§ Exercise instructions: From the entries below, print exactly the span beginning with the line holding "Ghiveci inteligent H28.5x27.5x27.5" and ending with the line holding "(Español) El próximo", endpoints included, and skip any pictures.
Start of Input records
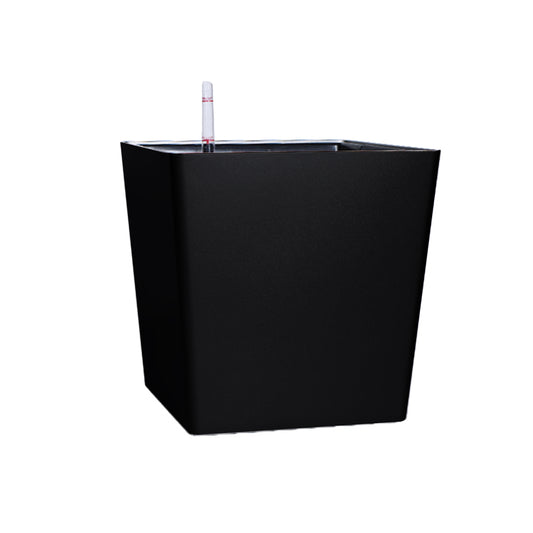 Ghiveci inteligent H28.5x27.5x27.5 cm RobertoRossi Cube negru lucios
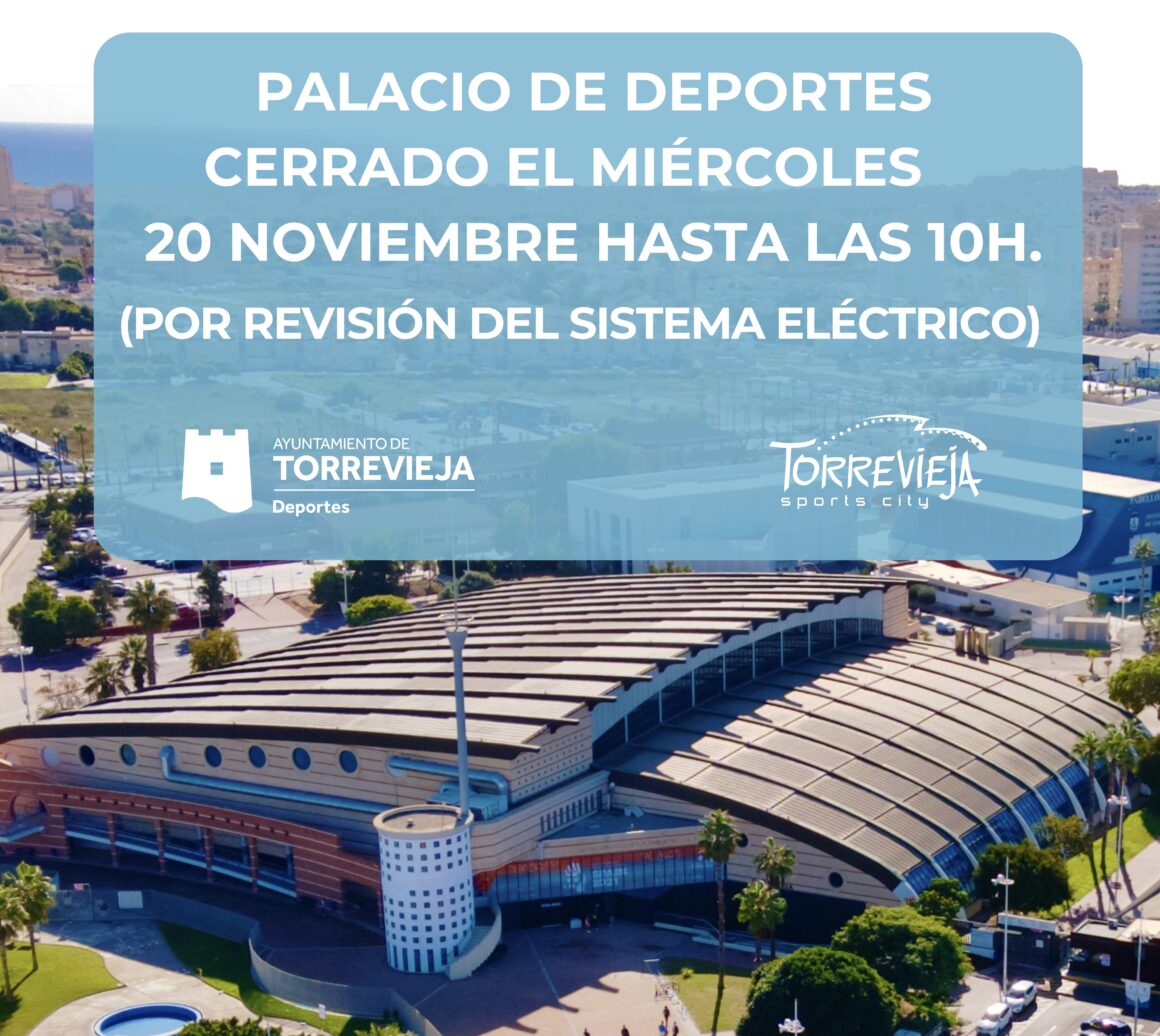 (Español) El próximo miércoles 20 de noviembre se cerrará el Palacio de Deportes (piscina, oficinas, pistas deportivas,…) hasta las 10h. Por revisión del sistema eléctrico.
End of Input records
Start of Input records
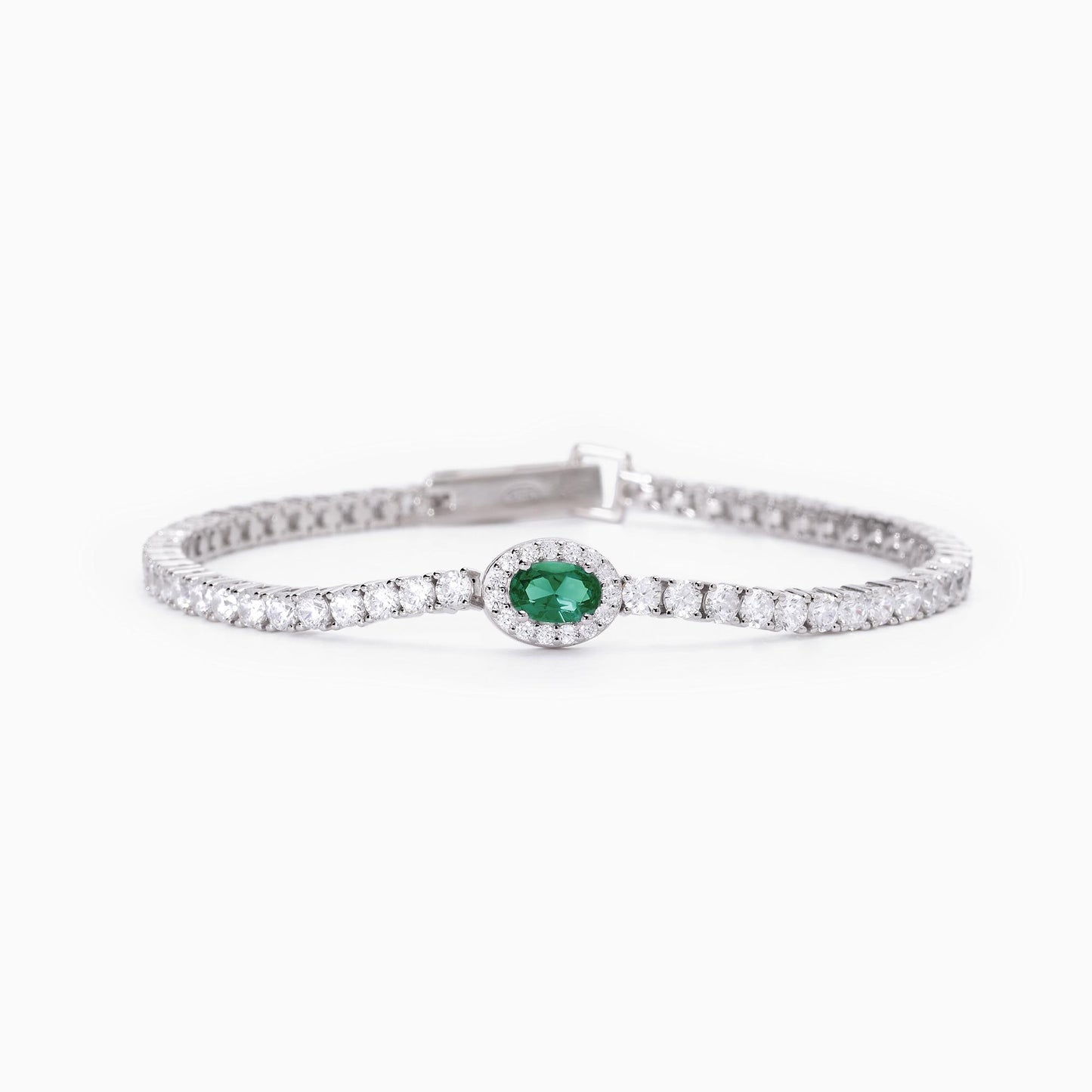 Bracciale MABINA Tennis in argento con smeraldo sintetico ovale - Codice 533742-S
End of Input records
§ Your response:
 Ghiveci inteligent H28.5x27.5x27.5 cm RobertoRossi Cube negru lucios
 (Español) El próximo miércoles 20 de noviembre se cerrará el Palacio de Deportes (piscina, oficinas, pistas deportivas,…) hasta las 10h. Por revisión del sistema eléctrico.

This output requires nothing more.